As a Canadian small business guy GC why would you even consider giving pointers to them? Most of the Canadian online music retailers are doing US pricing or as close to it as possible with free shipping, warranty and after sale service. Other threads on this forum often lament the lack of decent stores in this country. With the combination of L&M buying up stores and the huge online presence of MF, GC, etc. Canadian small business needs the support of Canadians. If they don't have something in stock, screw up, or give bad service then go to town with whoever you want to deal with. There's quite a few stores across the country trying to earn your business-talk to them, ask if they would consider stocking what you need (it's market research for the store owner), and give them a shot. The chain stores do their buying from head office, the single store owner has your ear and can give you the info you're looking for. Again, if that doesn't work, well you tried and someone is eventually going out of business. But before you try to figure out the cheapest way to get something across the border, why not ask if someone here is already carrying it or would if demand warranted it?


----------



## Steadfastly (Nov 14, 2008)

tapestrymusic said:


> As a Canadian small business guy GC why would you even consider giving pointers to them? Most of the Canadian online music retailers are doing US pricing or as close to it as possible with free shipping, warranty and after sale service. Other threads on this forum often lament the lack of decent stores in this country. With the combination of L&M buying up stores and the huge online presence of MF, GC, etc. Canadian small business needs the support of Canadians. If they don't have something in stock, screw up, or give bad service then go to town with whoever you want to deal with. There's quite a few stores across the country trying to earn your business-talk to them, ask if they would consider stocking what you need (it's market research for the store owner), and give them a shot. The chain stores do their buying from head office, the single store owner has your ear and can give you the info you're looking for. Again, if that doesn't work, well you tried and someone is eventually going out of business. But before you try to figure out the cheapest way to get something across the border, why not ask if someone here is already carrying it or would if demand warranted it?

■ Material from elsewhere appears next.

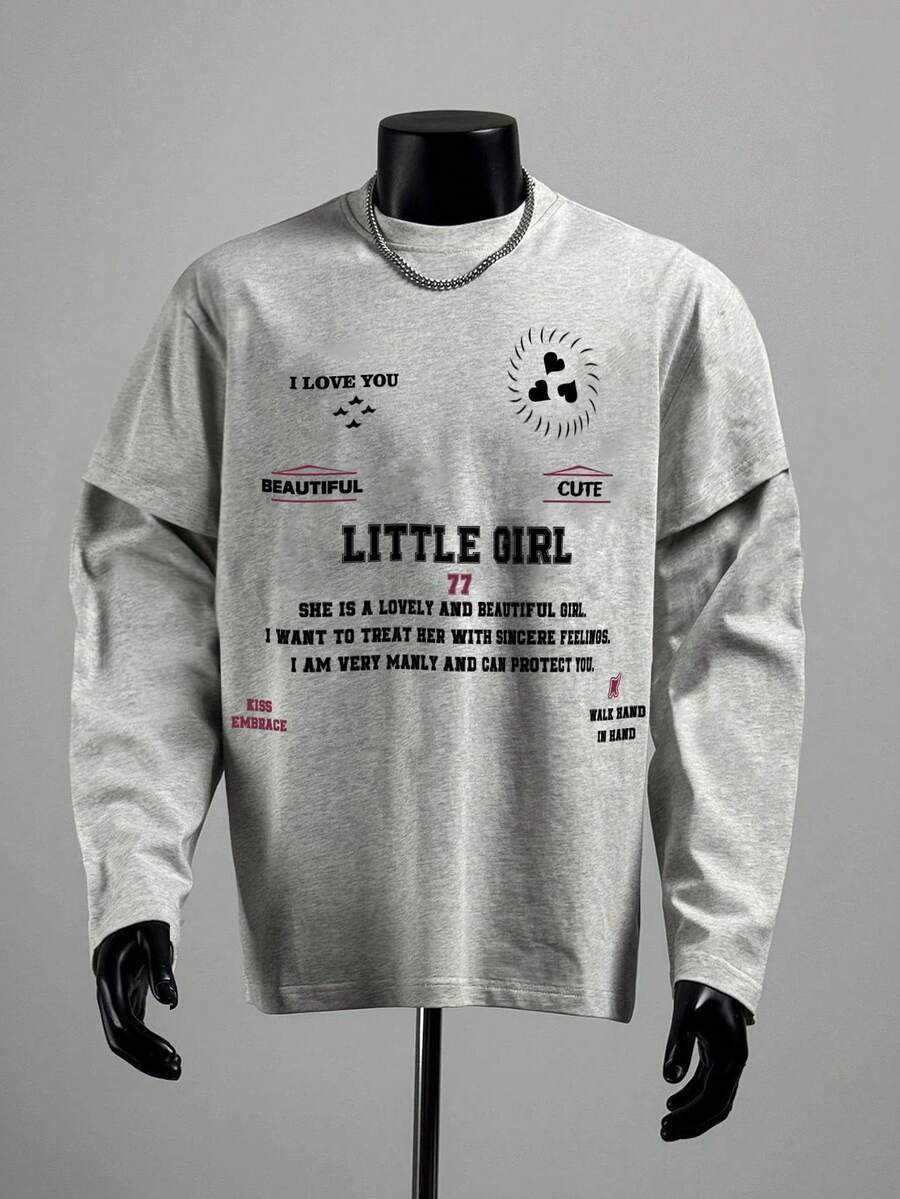 Manfinity Dauomo Herrtröja med rund hals och långärmad grafik, avslappnad passform - Multifärgad - Visa 1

Frankly but respectfully, that's the job of each individual store. It's called marketing and should be budgeted for each store or business. It's a global economy now and if businesses aren't able or willing to compete in this market, no amount of suggestions by customers will help them to stay in business. Regards, Steadfastly


----------



## GuitarsCanada (Dec 30, 2005)

tapestrymusic said:


> As a Canadian small business guy GC why would you even consider giving pointers to them? Most of the Canadian online music retailers are doing US pricing or as close to it as possible with free shipping, warranty and after sale service. Other threads on this forum often lament the lack of decent stores in this country. With the combination of L&M buying up stores and the huge online presence of MF, GC, etc. Canadian small business needs the support of Canadians. If they don't have something in stock, screw up, or give bad service then go to town with whoever you want to deal with. There's quite a few stores across the country trying to earn your business-talk to them, ask if they would consider stocking what you need (it's market research for the store owner), and give them a shot. The chain stores do their buying from head office, the single store owner has your ear and can give you the info you're looking for. Again, if that doesn't work, well you tried and someone is eventually going out of business. But before you try to figure out the cheapest way to get something across the border, why not ask if someone here is already carrying it or would if demand warranted it?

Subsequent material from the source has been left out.